While it all sounds cool and romantic, I doubt the Germans or the Japanese (either country as a whole) had any special nicknames for certain aircraft any more than the Allies did. Now the Japanese planes were given "code" names, single syllable names that were faster and easier to remember and say then the various actual model designations. For example while it is easy and quick to say, "109", or "190", or "110", it isn't so quick and easy to say some of the Japanese type designations like A6M, or G4M, or KI-67. So single syllable names made sense.
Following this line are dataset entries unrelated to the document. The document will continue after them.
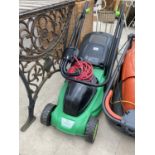 A GARDEN LINE ELECTRIC LAWNMOWER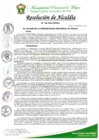 Vista preliminar de documento RESOLUCION DE ALCALDIA Nº 106-2025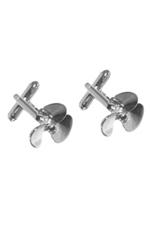 Propellor Cufflinks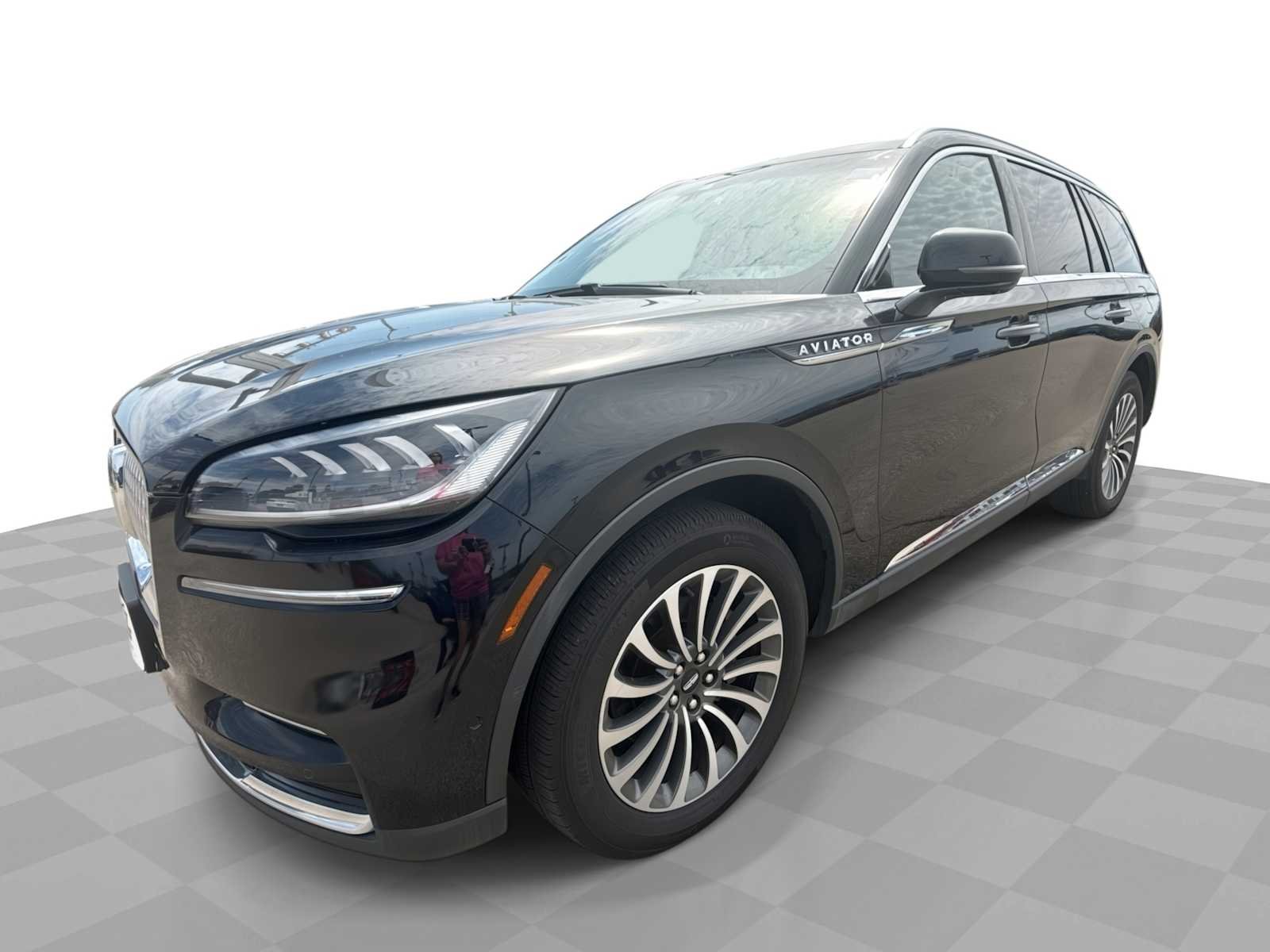 2024 Lincoln Aviator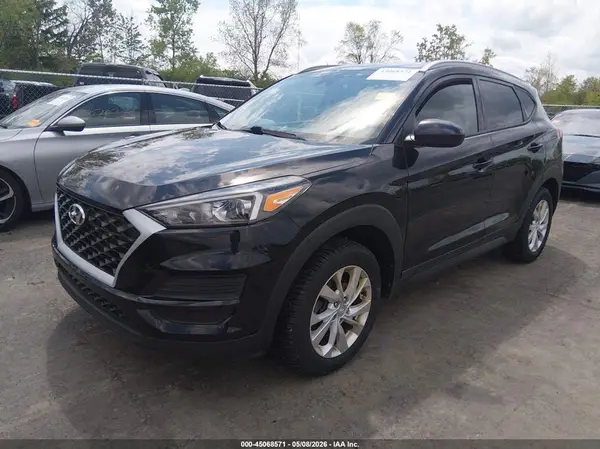 KM8J3CA48LU168704 2020 HYUNDAI TUCSON - Image 2
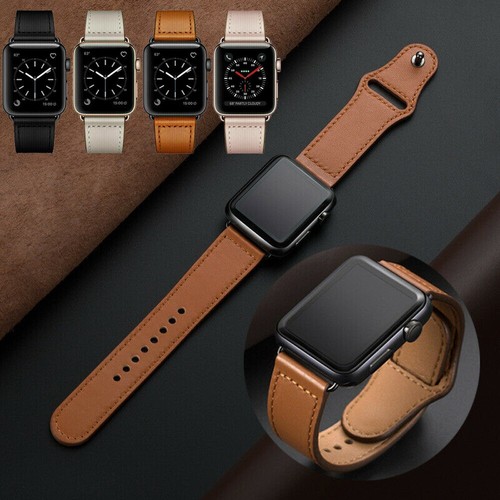 Genuine leather wrist bands - genuine,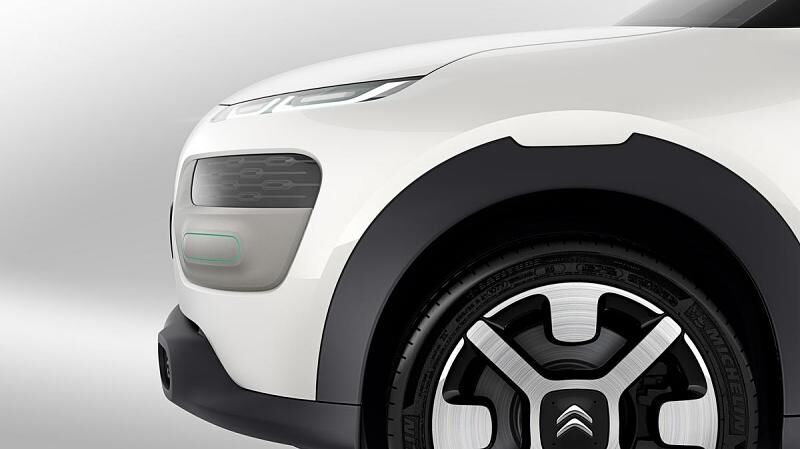 Citroën Cactus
Sure, the idea that the Japanese called the F4U "Whistling Death", or the P-38 "Whispering Death", or the Germans call the P-38 "Der Gabelschwanz Tuefel" is enticing. But now some 60+ years after the fact it's next to impossible to actually state with any real sincerity that it is fact. The closest I've ever heard anyone actually say with any veracity at all is that some German transport pilots in the Mediterranian may have called the P-38 "Der Gabelschwanz Tuefel", at least that's what German fighter pilots supposedly said when asked about the nickname.
All that being said, what I find more amusing than anyone on the Allied side claiming that the Axis called any Allied plane any sort of nickname denoting reverence, is the continued attempts to belittle the P-38 without supporting it with real facts. But that's another arguement.